In Sachsen sorgen seit mehr als drei Wochen nahezu täglich neue schwere Vorwürfe gegen Richter, Staatsanwälte, Polizisten und hohe Politiker für Aufregung. Medienberichten zufolge enthalten noch geheime Verfassungsschutzakten Hinweise auf brisante Verbindungen von Justiz, Polizei und Politik zur organisierten Kriminalität. Unter anderem soll es um Straftaten wie Korruption, Amtsmissbrauch und Kinderprostitution gehen. Ministerpräsident Georg Milbradt (CDU) kritisierte die öffentlichen Verdächtigungen und Spekulationen. Sie belasteten die Aufarbeitung mehr als dass sie nützten, sagte er nach der Sitzung.
Die mit der Aufklärung der Affäre betraute Staatsanwaltschaft Dresden äußert sich bislang nicht zu den Vorwürfen und zum Stand der Ermittlungen. Auch ist unklar, ob Generalbundesanwältin Monika Harms sich einschalten wird. Ihr liegen Kopien der an die sächsische Staatsanwaltschaft übermittelten Verfassungsschutzunterlagen vor.

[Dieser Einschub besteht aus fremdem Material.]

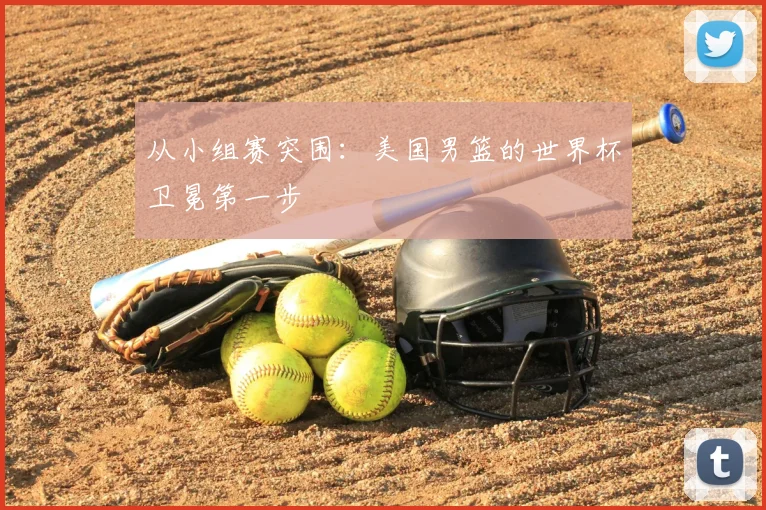 从小组赛突围：美国男篮的世界杯卫冕第一步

Die Linkspartei, die die Sondersitzung beantragt hatte, verlangte die Übernahme des Falls durch das Bundeskriminalamtes (BKA). Justizminister Geert Mackenroth (CDU) mahnte indessen zu Geduld und Vertrauen in die Leistungsfähigkeit der sächsischen Justiz. "Die Zeiten sind vorbei, als im Freistaat Sachsen ohne Entscheidung eines unabhängigen Gerichts, allein gegründet auf Vermutungen, Hinweise und Gerüchte, menschliche Existenzen vernichtet wurden", sagte er. Über die Einbeziehung des BKA werde die Staatsanwaltschaft in eigener Verantwortung entscheiden.
Gegen vorschnelle und unüberlegte Forderungen nach Konsequenzen sprach sich auch Stefan Brangs (SPD) aus. Man wisse nichts außer Gerüchten, die nicht seriös zu bewerten seien, sagte Johannes Lichdi (Grüne). "Aber das Schlimmste ist: Wir halten sie für möglich." Die Linkspartei kündigte die Einsetzung eines Untersuchungsausschusses an. Über den konkreten Untersuchungsauftrag wolle sich die Partei mit der FDP, den Grünen und Vertretern der SPD abstimmen.
Mehrere Abgeordnete bezogen sich in der Sondersitzung auf Hinweise, wonach Akten des Verfassungsschutzes zu den Vorwürfen bereits geschreddert wurden. Die für die Kontrolle des Geheimdienstes zuständige Parlamentarische Kontrollkommission (PKK) bestätigte, dass es eine "Vernichtung von Kopien verschiedener Unterlagen" gegeben habe. Auswirkungen auf die nunmehr eingeleiteten staatsanwaltschaftlichen Ermittlungen seien nach derzeitigem Erkenntnisstand jedoch nicht zu befürchten.